For there were vacant lots in those days:  the city had not yet filled up every single space, or sometimes it had but then a building burned down or crumbled, or something was planned but never built.  So there were lots, and we played in them.  Parks as such were rare, but vacant lots were many.  That’s where kids sledded in the winter, played ball, shot arrows, beat one another up all summer long.  The lots were full of weeds and dog shit, garbage, mosquitoes in all the greenery, lost things, old cardboard boxes that propped up made good targets for an arrow or crushed flat good bases for a game of stickball, poorest of all the baseball relatives:  a broomstick to slap a pink spaldeen far – a ball could travel a full block if hit straight on, so the house walls on either side of the vacant lot would be bouncing surfaces for our evening game.

Past Davega’s sporting goods the shops were adult, offered clothing and jewelry, the stuff I noticed as they say with half an eye, knowing it was not for me, and not being greedy enough yet for alternative identities to imagine putting those square squat diamond rings on my own ring finger like the tough old guys – Jewish and Italian both, curious—in the neighborhood.  No,  these stores were for grown-ups and their boring clothes, boring decorations, furniture:  clothing is so silent.  It maddened me, the wordlessness of clothing stories, for all the practiced salesman patter that was scripted, not spoken.  How boring adults are.

Then after both the boring and exciting storefronts came  the best thing of all:  turn left at Hopkinson Avenue and there was the Hopkinson movie theater.  This was the one place in Brooklyn where you could see what used to be called ‘art films,’  by which people meant anything made in France or Italy or England.  Or Russia.  Russia, at a time when the very name was scary.  But here I saw Eisenstein for the first time, the gorgeous tuneful patriotism of Alexander Nevsky, with that Prokofiev movie score I had an LP of and played a million times, dreaming of the Saxon knights swallowed up by the icefields,  the pale beauty of the blonde American girl Hilary Brooke – who actually had once lived next door to us, years before, in another part of Brooklyn.  So there it was, the girl next door in a movie made in the middle ages on a country further than the moon, by the greatest film maker of them all, the gay Jew who made all Russia beautiful.

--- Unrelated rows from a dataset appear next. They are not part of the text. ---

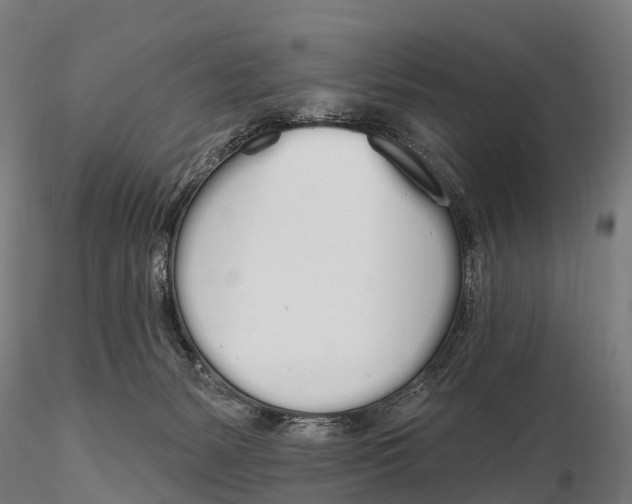 X0000115710127200912031537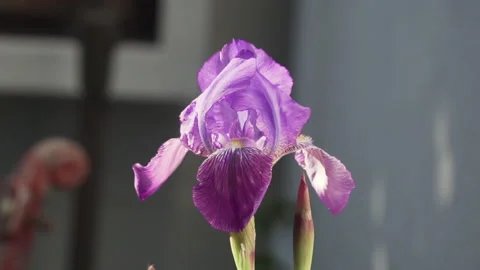 Close up of purple lily dancing with the wind, slow motion Stock Footage 138575675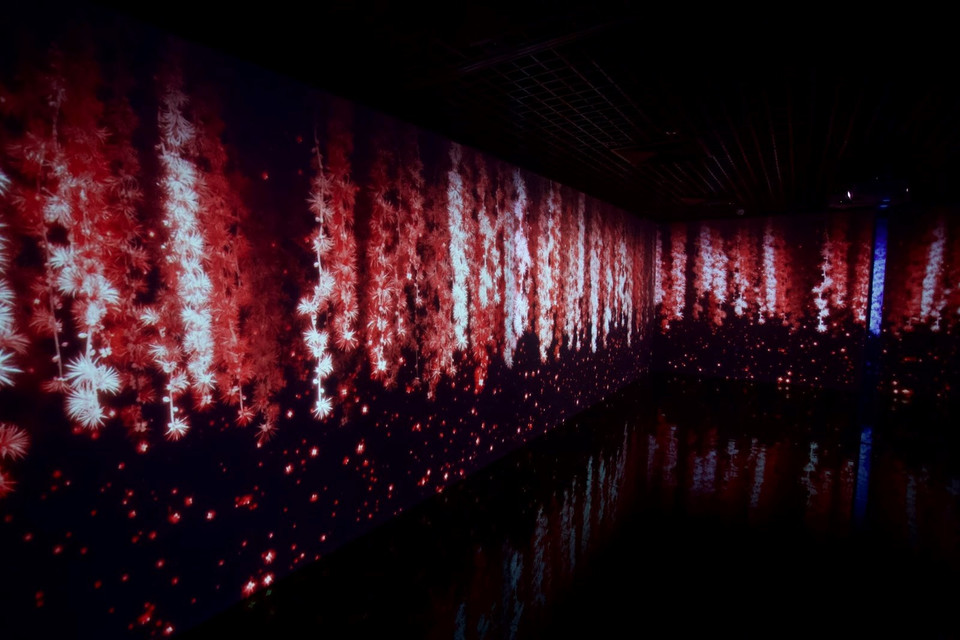 Vườn hoa lộc vừng có thể thay đổi màu sắc, tạo nên không gian 'sống ảo' cho các bạn trẻ. (Ảnh: Tuấn Anh/Vietnam+)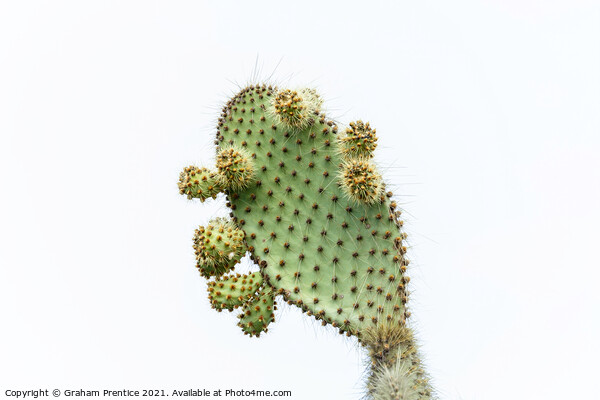 Prickly Pear Picture Board by Graham Prentice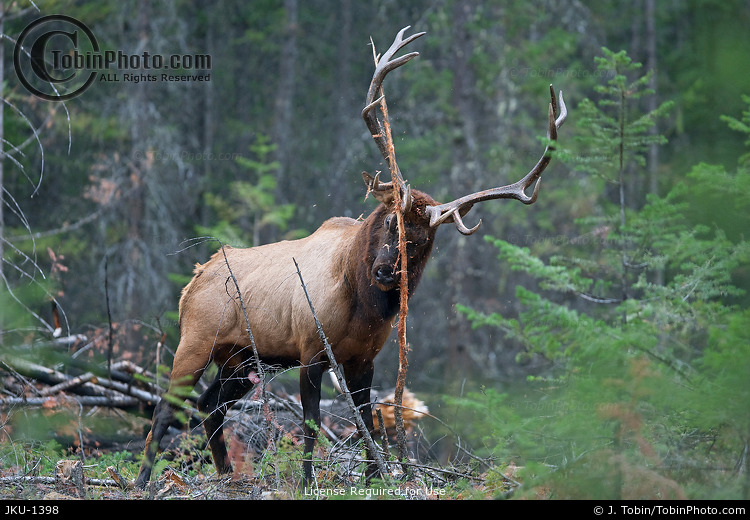 Elk Rubbing Tree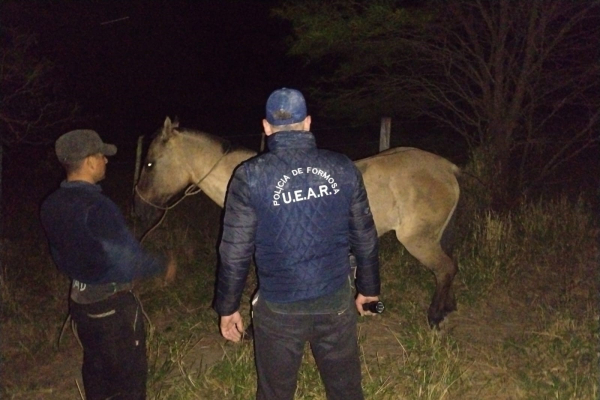 Policías frustraron un hecho de abigeato y secuestraron elementos de interés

What else did I see here?  Rules of the Game and Grand Illusion, the sublime and the frivolous, Lady Paname with the gorgeous long-forgotten Suzy Delair,  Panic, that paranoid masterpiece with Michel Simon, and Boudu sauvé des eaux.  But it was the Russian movies that were so important – the current ones, preposterously blurry SovColor where true colors became pastel and vice versa, stilted, boring, but wonderfully strange.  Anthology movies showing chunks of famous singers and instrumentalists, Oistrakh playing Tchaikovsky, or that loveliest of all tenors, Ivan Kozlofsky, like a Ukrainian John Mac Cormack, breaking the heart with Lensky’s aria – Kuda, kuda, that Nabokov made such mean fun of,  Where, o where, have  those years gone?